AKC Poodle Breeder Northeastern Ohio

 

   

 

 

Getting Started with your New Puppy

Helpful tips and suggestions

by Jude Iaconianni

 

House Training and Paper Training;   

 

House Training actually begins with "Training yourself First".

 

Create a schedule, routine and stick to it 100%.  Start out with small time

frames like every 30 to 45 minutes and slowly extend this time longer.  

 

Use the same door and/or area while training.   Carry the puppy near the door

you have selected repeating your command a few times in a playful excited tone.

Pick something and don't change it   "Outside"   "Potty Time"   "Let's Go Outside"

As your puppy learns this command stretch out the distance from the door where

you set the puppy down.  You may even start out carrying the puppy all the way

outside to the potty area.

 

Praise and reward with success immediately after they potty but continue to stay

outside with your puppy for several minutes after they potty.  They might not be finished

or they may learn to associate going potty with having to go back inside.

This association can lead them to hold it while they are outside until they want to

go back inside.  Always take your puppy outside after waking up from a nap and after

play sessions.

 

Watch for sniffing at the floor.  In most cases this leads to potty activities.

Use your command you selected and proceed to the door and/or area for going potty.

 

If you do not catch them before they have a accident or during the accident reprimanding

will have no effect.  In fact punishing after the accident occurred could actually cause

them to just be more sneaky about it.

 

Getting through the First Few Nights:

 

Try using a small crate or carrier on a chair next to the bed where the puppy can see

you.  Make sure the crate or carrier is stable and with puppy movements it won't tip or

fall.  Place the puppies bed, blanket, stuffed toy and or chew toy with the puppy at night.
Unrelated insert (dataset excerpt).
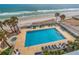 Aerial view of a pool and hot tub surrounded by lounge chairs near the ocean and palm trees at 3145 S Atlantic Ave # 503, Daytona Beach Shores, FL 32118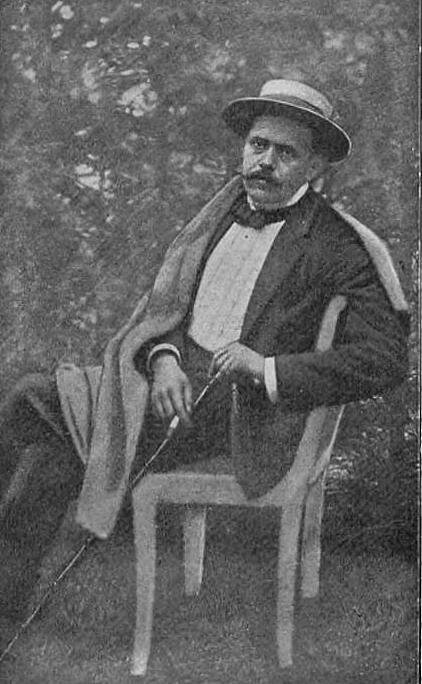 Zdjęcie przedstawia portret mężczyzny w średnim wieku. Mężczyzna ma pociągłą twarz. Cienie pod oczami. Ma starannie ostrzyżoną brodę i niewielkie wąsy. Ubrany jest w garnitur. Na głowie ma kapelusz.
 If the puppy begins to cry or bark tell your puppy  "NO" and stick your finger through the

crate or carrier at the bottom but don't play with the puppy.  Try not to move your fingers

or the  puppy may think its play time.  In most cases the puppy will sniff maybe lick or

nibble at your finger then will settle down and lay against your finger.  Once the puppy

settles and goes back to sleep slowly remove your finger.  This reassures the puppy

they are safe and not alone and builds confidence in your puppy.

 

 

Do's and Don'ts:

 

Never chase or lunge at your puppy trying to catch it.   This can lead to a fearful

dog that will run from you when you call it by name.  Always try to coax or call the puppy

over to you then pet and reward the puppy when they come to you. If you need to retrieve

the puppy try to move slowly towards them always pet and reward when you get your puppy. 

No matter how frustrated or angry you are at the puppy for not coming to you scolding or

punishing the puppy may teach your puppy that coming to you when called is not

rewarding and cause your puppy to avoid contact with you. 

In other words it teaches your puppy to "RUN and HIDE" when it hears its name.

 

 

Always stick with easy simple commands:  Short and simple commands

work best.  Try not to overwhelm your puppy with to many commands to learn at the

same time.  Teach one trick at a time.

When teaching verbal commands try to associate the verbal command with a

hand signal or visual command at the same time.   You never know as your puppy

grows and enters his/her senior years whether they will loose their sight or hearing. 

By teaching both verbal and visual commands you prepare yourself and your dog

if they ever become hearing or sight impaired.